This follows Judicial Commissioner (JC) Datuk Azhar Abdul Hamid wanting the defence, led by lawyers Tan Sri Muhammad Shafee Abdullah and New Sin Yew, to put in their written submissions on the sentencing before Azhar delivers the decision, as the JC noted that the SC, represented by deputy public prosecutor (DPP) Shoba Venu Gobal, had already provided the submissions on this in February.

“I noticed there is no submission tendered over sentencing by the defence. Hence, we will fix another date before the end of this year after Christmas for this,” Azhar said on Thursday (Dec 15).

Shafee earlier noted that the court can use its discretion to deliver the verdict first and the parties could submit on sentencing if the guilty verdict is upheld, while Shoba, who appeared with SC DPPs Mohd Izzuddin Mohamad and Mohd Hafiz Mohd Yusoff, also indicated the same.

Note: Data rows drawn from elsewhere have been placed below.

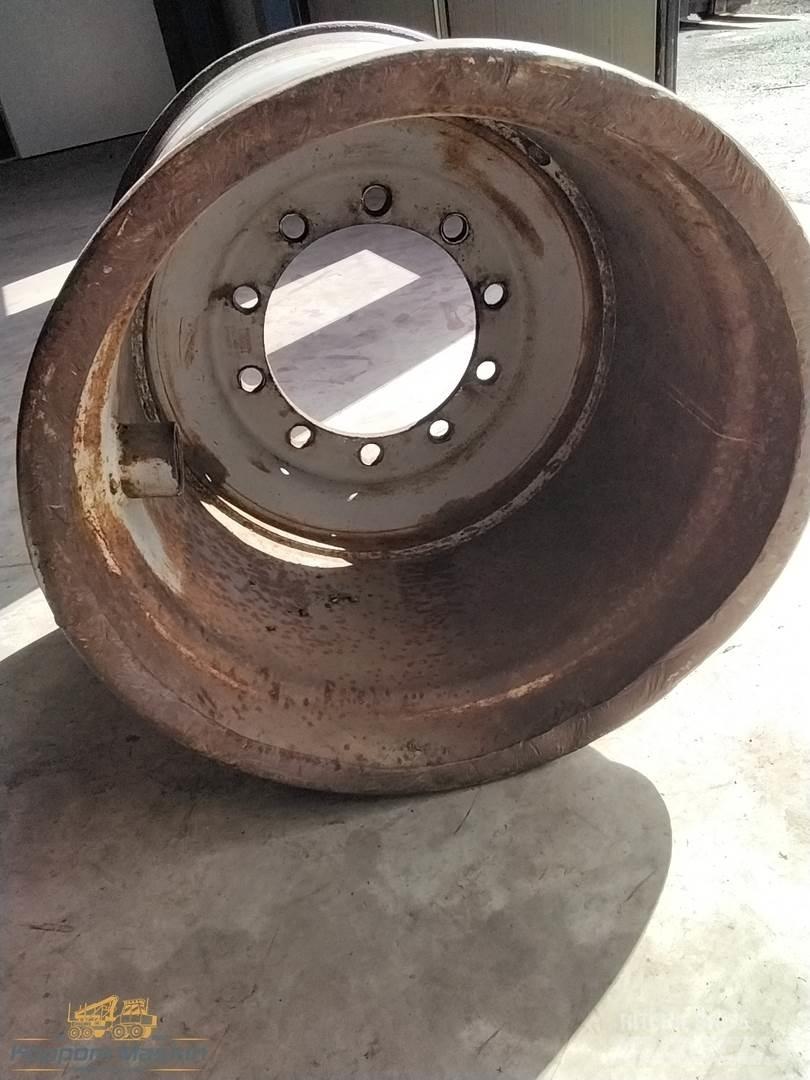 Valmet 890 24x26,5 Lastikler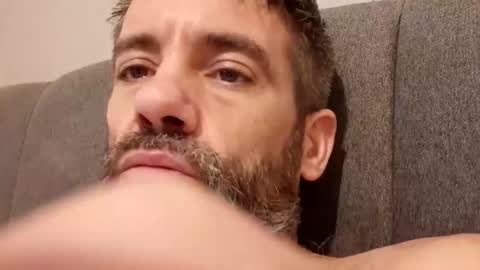 Snapshot of jamie198307 chatting on 10-27-25, 09:46 jamie198307 online show from 10-27-25, 09:46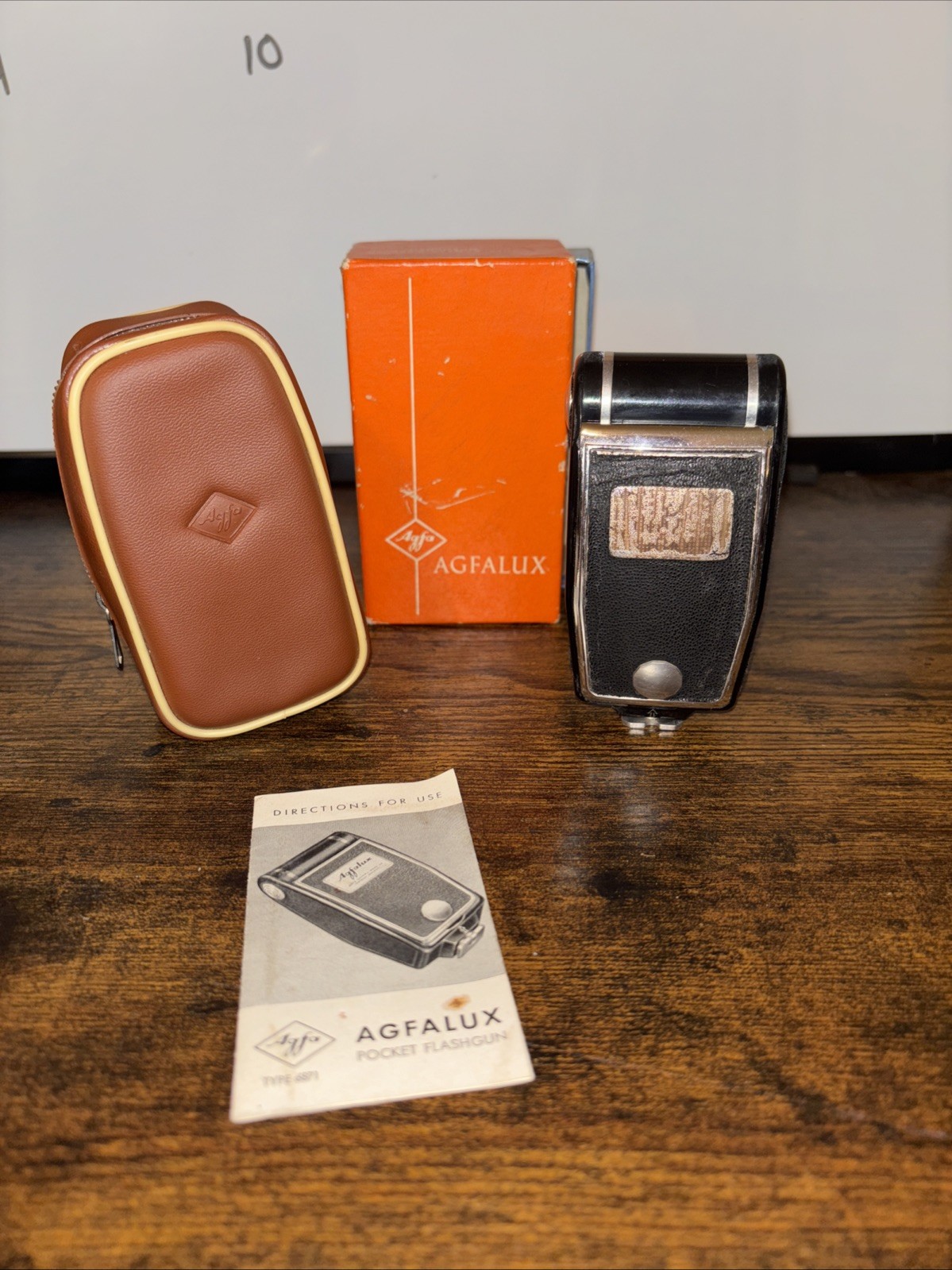 Agfa AGFALUX MIT ETUI Type 6075 Pocket Flash Gun with Bag and Retail Box
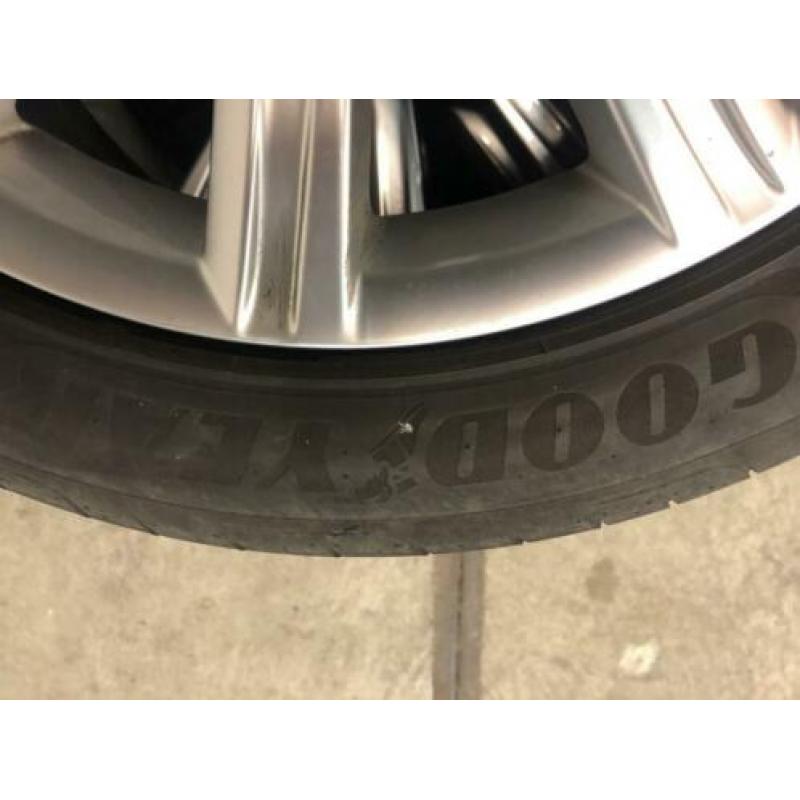 AUDI A6 / AVANT. ORIGINEEL 18” lm velgen met goede zomerband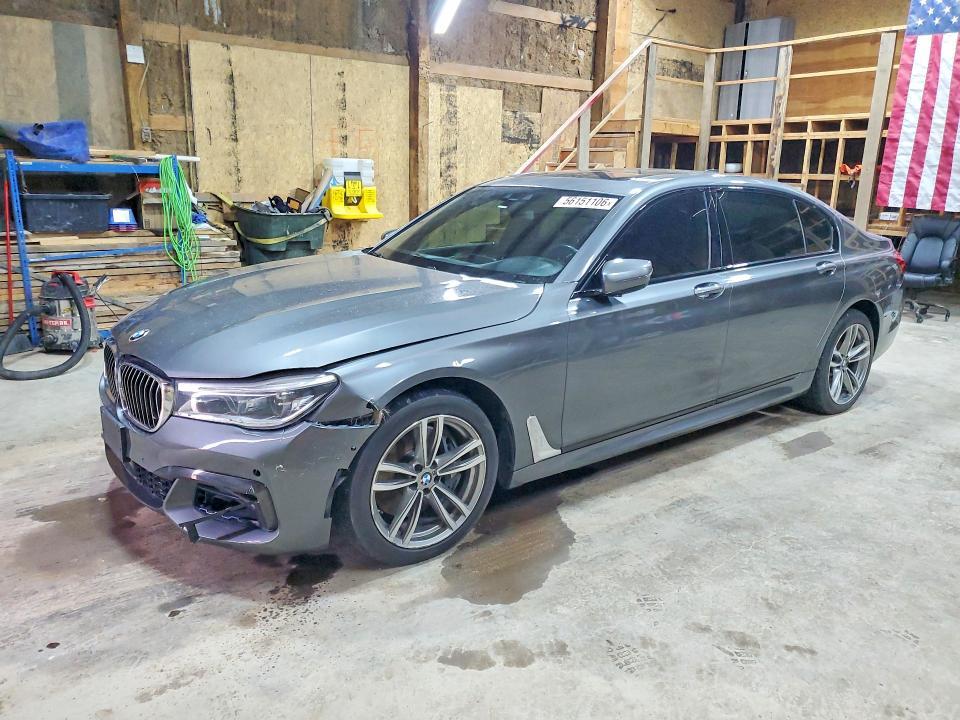2016 BMW 750 xi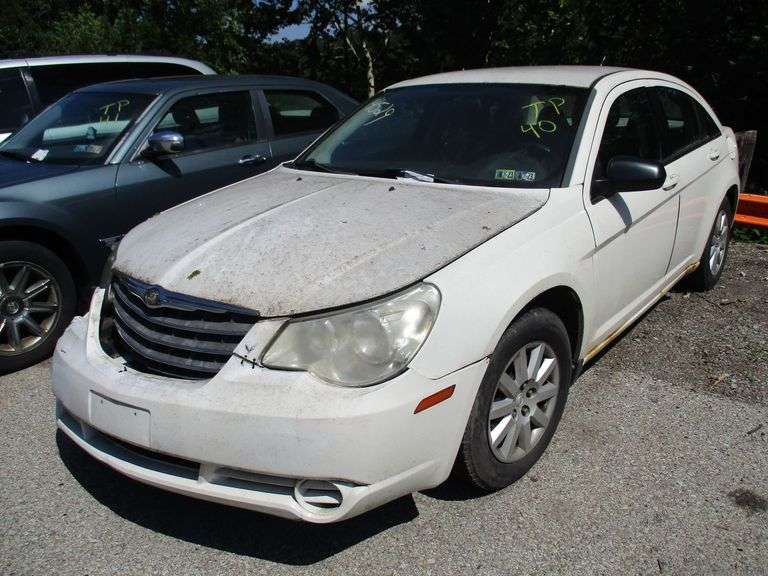 WHITE, 2010, CHRYSLER SEBRING, 1C3CC4FB8AN216529,  , image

However, Azhar preferred that the written submissions on the sentencing be put in by the defence and fixed Dec 28 to deliver his decision.

The Sessions Court had in 2016 found 60-year-old Low, better known as Repco Low, guilty of market manipulation of Repco shares and sentenced him to five years' jail and a RM5 million fine, which he is presently appealing against.

The former chairman of Repco was charged under Section 84(1) of the Securities Industry Act 1983 for carrying out acts calculated to create a misleading appearance, with respect to the price of Repco shares on the Kuala Lumpur Stock Exchange on Dec 3, 1997.

Low was initially acquitted without his defence being called, and the decision was upheld by the High Court. But the Court of Appeal reversed the decision and ordered him to enter his defence, and the trial resumed in the Sessions Court before another judge, which ended in his conviction.

In October, Low’s defence team submitted that the Sessions Court judge had erred in not taking into consideration the expert witness and empirical research to show that it was not market manipulation as alleged in the charge, but an averaging in.

The prosecution, meanwhile, said the Sessions Court did not err in its decision and the conviction as there was sufficient appreciation of evidence by the learned Sessions Court judge specific to the mens rea (criminal intent) of Low when he made the purchases of the Repco shares.